Part of it is definitely nostalgia, as reading a book like this reminds me of being a teenager and being so excited about the worlds of comics and superheroes and wanting to learn as much as I could about them, but the relative paucity of books on the subject leading me to pore through things like Overstreet Price Guides and just contemplating the strange names of characters I had never seen a cartoon featuring before.
This sort of thing fires the imagination in the way even the comics themselves may not. Don’t get me wrong, I’ll read all the Phantom Reporter or and Red Raven comics Marvel cares to publish, but there’s just something about imagining those characters that I enjoy.
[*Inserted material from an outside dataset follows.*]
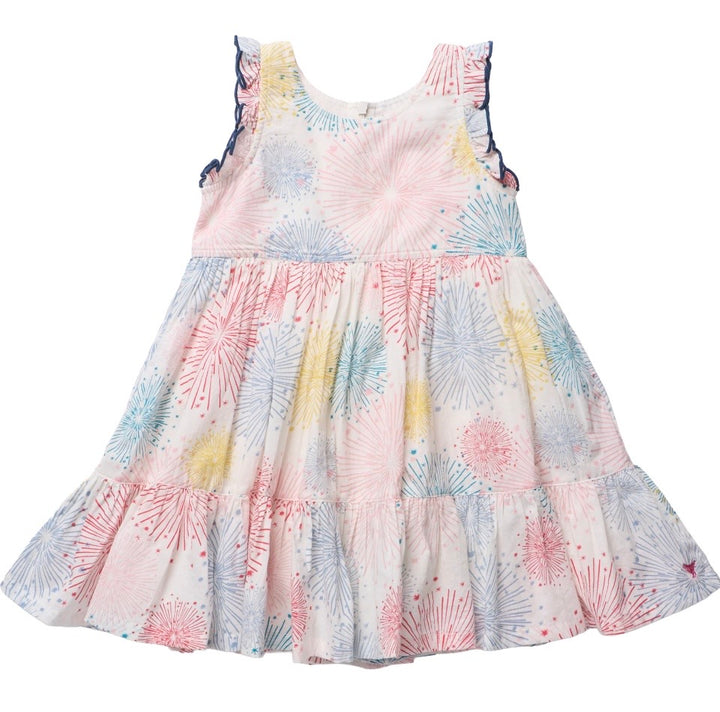 Girls Kelsey Dress Fireworks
This book is nothing but writing about those characters—some from The Twelve, a few from the other 70th Anniversary Special one-shots, some that are completely new to me—and thus I’m really looking forward to tucking into it when I have some free time.
Runaways #14 (Marvel) Well, that was certainly unstatisfying. Kathryn Immonen and Sara Pichelli’s run ends almost as soon as it begins, after just four and a half issues. They sure don’t get much of a chance to wrap things up here, either. Chases uncle extends an offer to the teen team, and they neither accept nor reject it. A dead character or two seemingly return from the dead (see the cover for one of ‘em), another character gets run down by a car and is on his or her deathbed on the last page, with the words “The end…For now…” along the bottom of the last page.
It’s totally unfair. Terry Moore got nine issues, and his run was terrible.
Superman #691 (DC) I skipped the last issue of this series, because it had this repulsive cover by Fernando Dagnino and Raúl Fernandez and tied into all the other Super-titles I’m not reading for the month, so I figured I could do without it. How much can change in one storyline?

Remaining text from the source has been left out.